## Problem to work on
Return only the lines of the data below from the line with "Green, wallpaper, trees, wood, flowers, background, view, garden" up to and including the line with "Acacia pilligaensis photo 3", exactly as written, with the pictures omitted.

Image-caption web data
────────────────
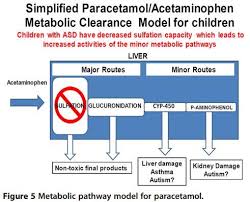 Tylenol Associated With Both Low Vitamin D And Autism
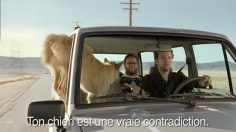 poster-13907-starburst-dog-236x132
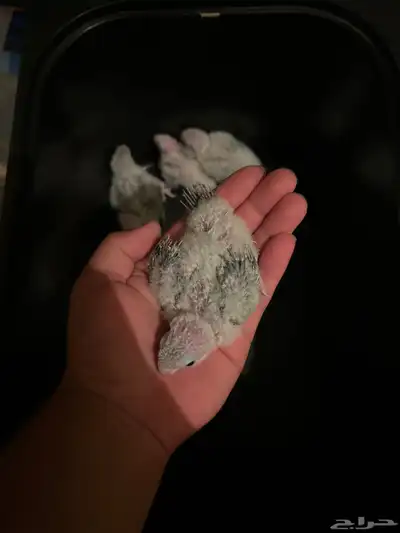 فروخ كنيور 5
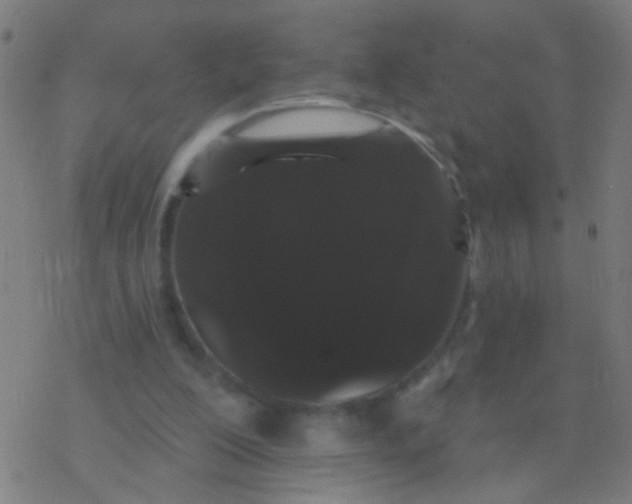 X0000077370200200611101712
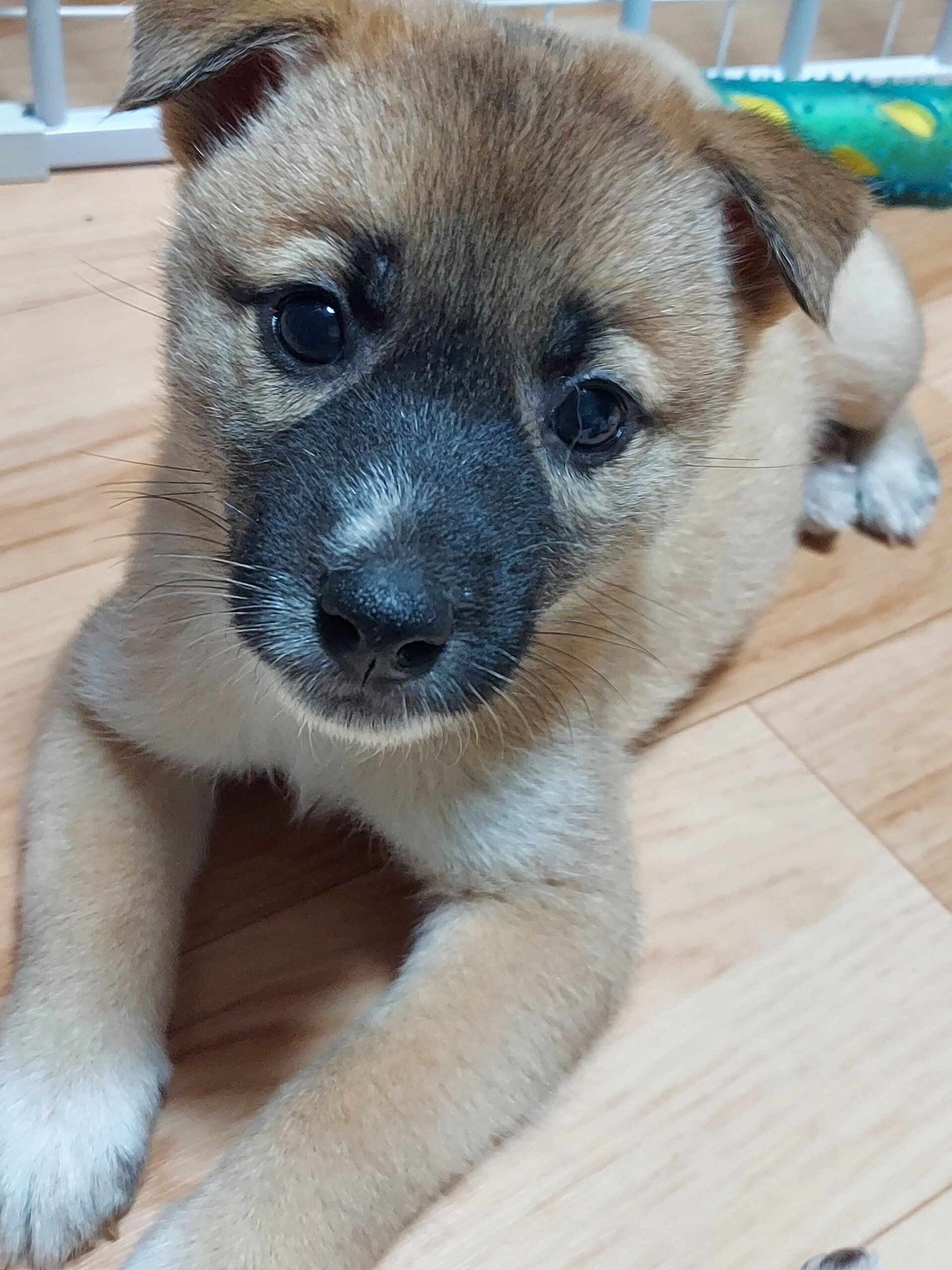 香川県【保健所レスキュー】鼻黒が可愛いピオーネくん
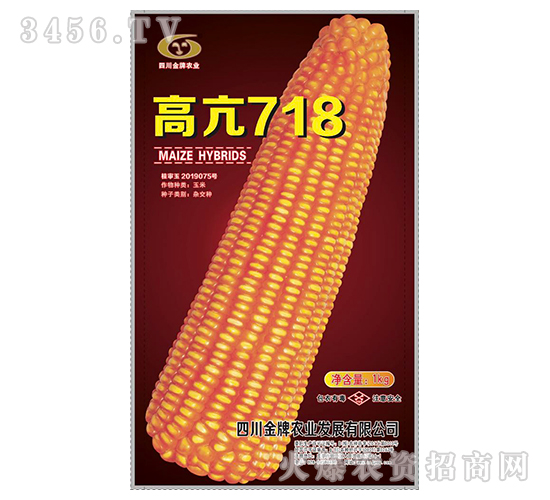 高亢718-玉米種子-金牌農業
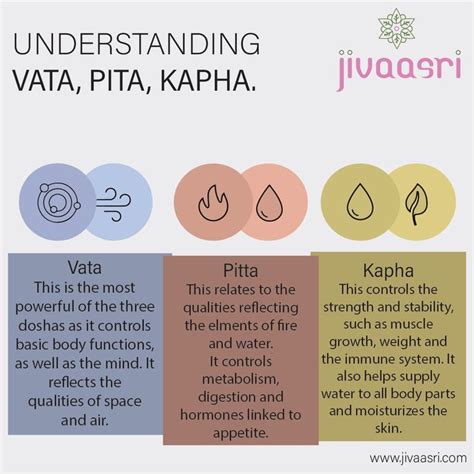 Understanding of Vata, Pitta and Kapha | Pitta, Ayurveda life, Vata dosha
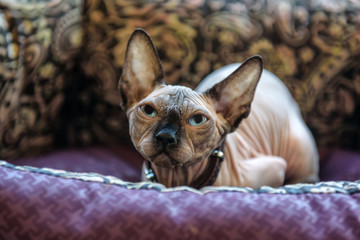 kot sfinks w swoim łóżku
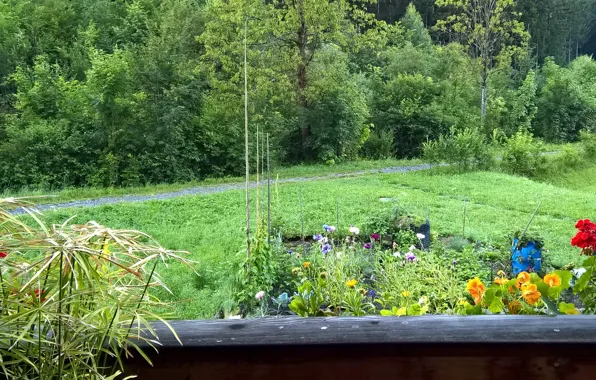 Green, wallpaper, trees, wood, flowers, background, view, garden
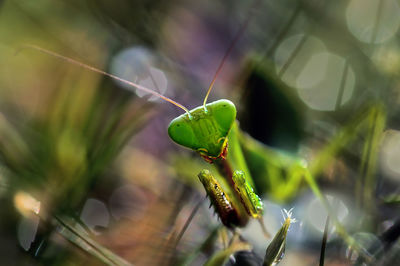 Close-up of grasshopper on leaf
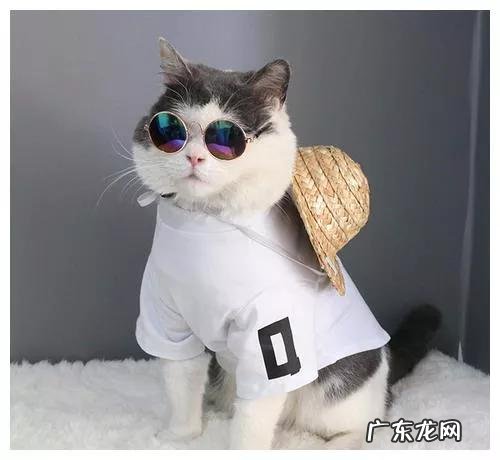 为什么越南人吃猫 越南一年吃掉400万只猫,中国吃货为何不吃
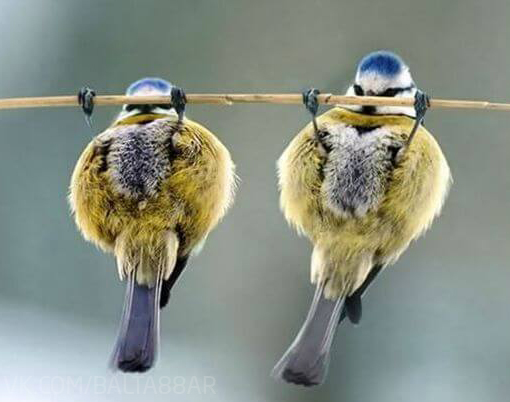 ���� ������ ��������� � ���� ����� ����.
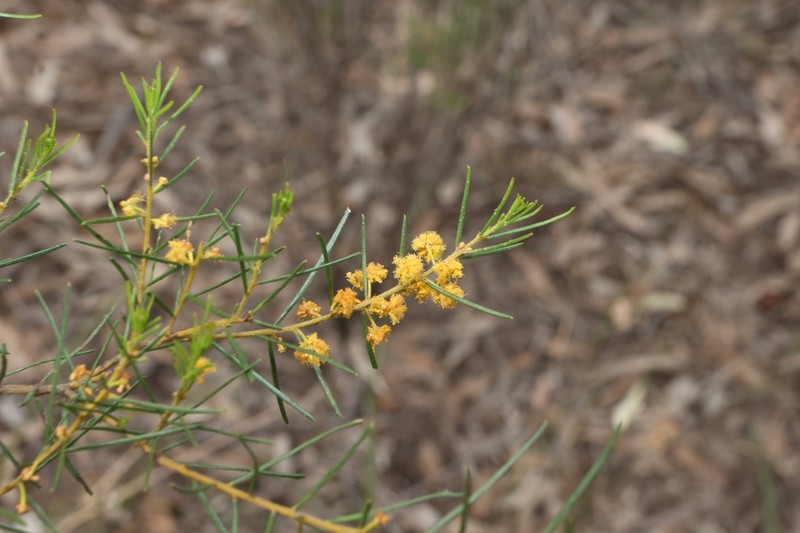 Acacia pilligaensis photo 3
────────────────
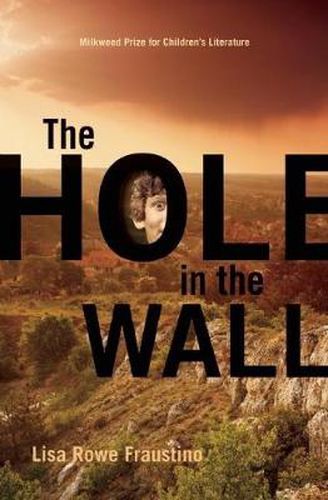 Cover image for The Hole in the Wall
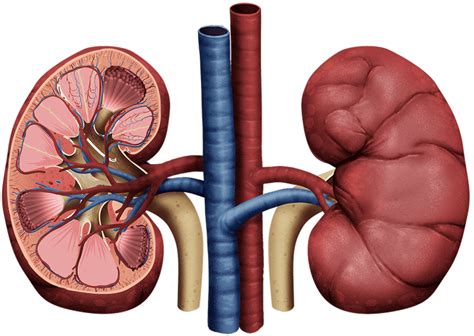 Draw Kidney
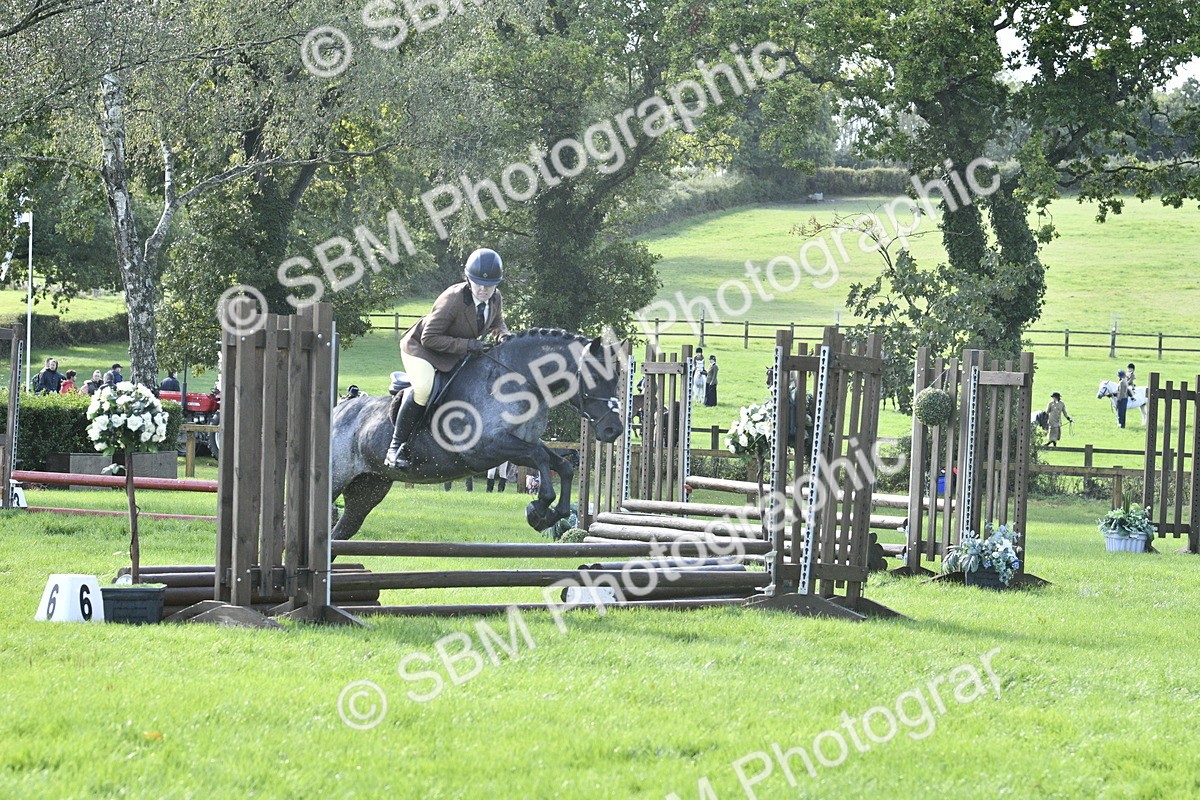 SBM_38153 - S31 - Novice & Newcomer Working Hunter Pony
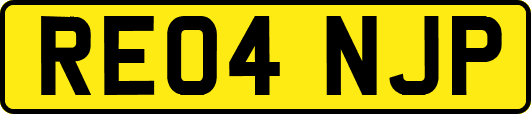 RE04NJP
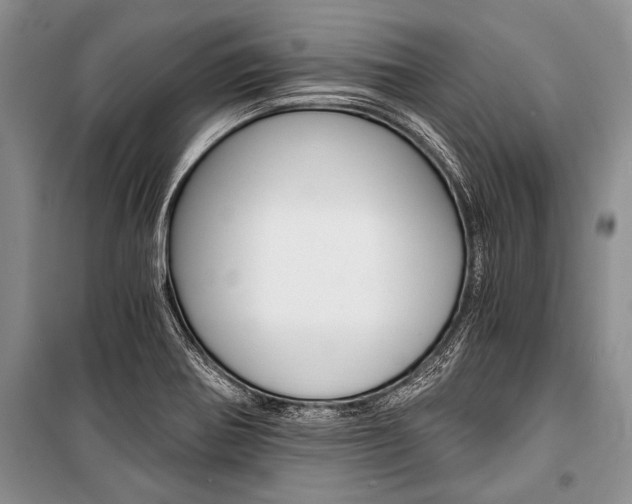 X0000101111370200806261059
────────────────
## Task answer
 Green, wallpaper, trees, wood, flowers, background, view, garden
 Close-up of grasshopper on leaf
 为什么越南人吃猫 越南一年吃掉400万只猫,中国吃货为何不吃
 ���� ������ ��������� � ���� ����� ����.
 Acacia pilligaensis photo 3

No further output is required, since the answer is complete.